**ASSIGNMENT**
An exact copy of the data below is needed; please leave out any pictures.

== STORED DATA ==

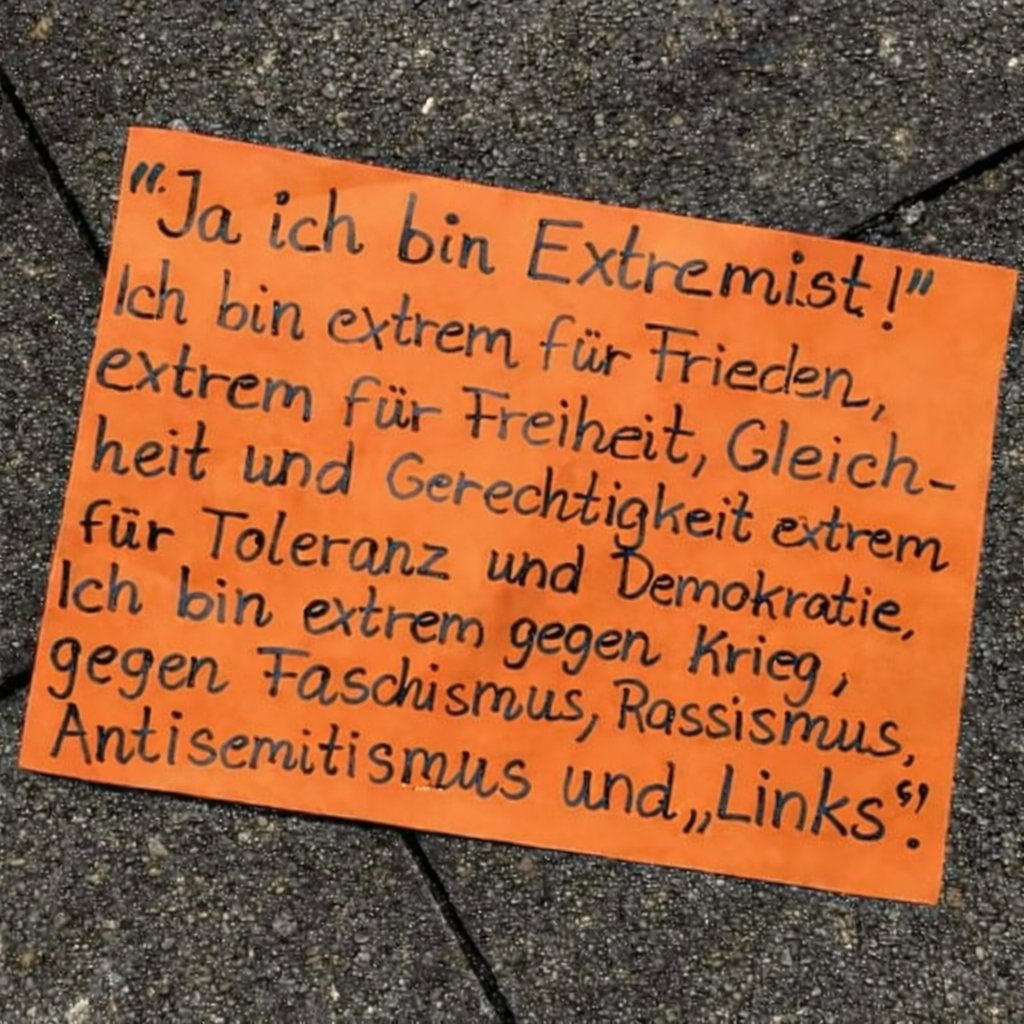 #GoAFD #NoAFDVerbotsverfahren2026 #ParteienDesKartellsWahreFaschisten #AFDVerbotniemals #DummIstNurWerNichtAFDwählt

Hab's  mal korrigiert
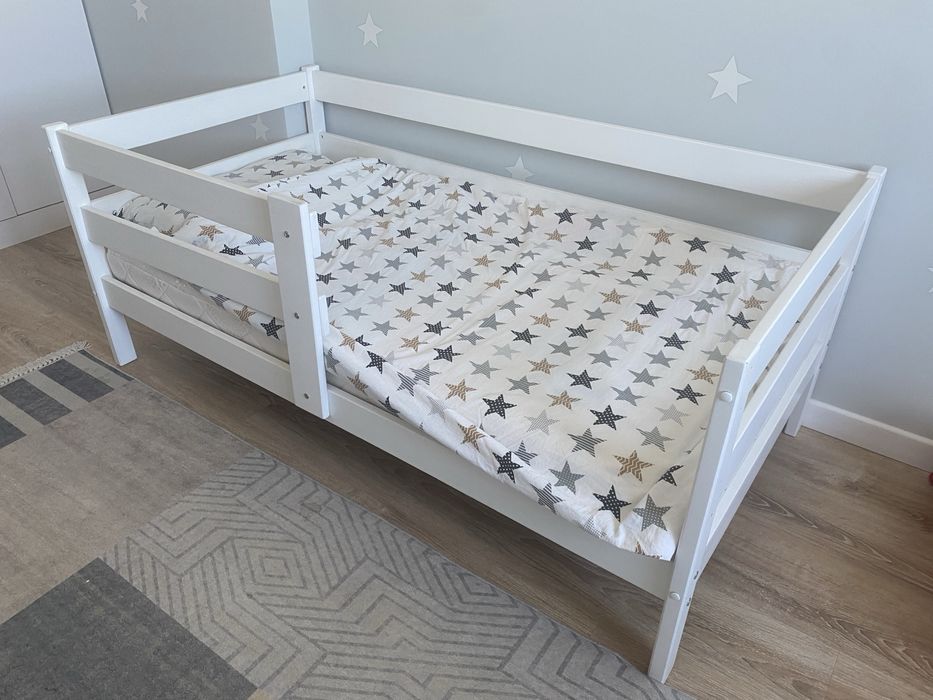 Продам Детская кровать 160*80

===

**THE COMPLETED TASK**
 #GoAFD #NoAFDVerbotsverfahren2026 #ParteienDesKartellsWahreFaschisten #AFDVerbotniemals #DummIstNurWerNichtAFDwählt

Hab's  mal korrigiert
 Продам Детская кровать 160*80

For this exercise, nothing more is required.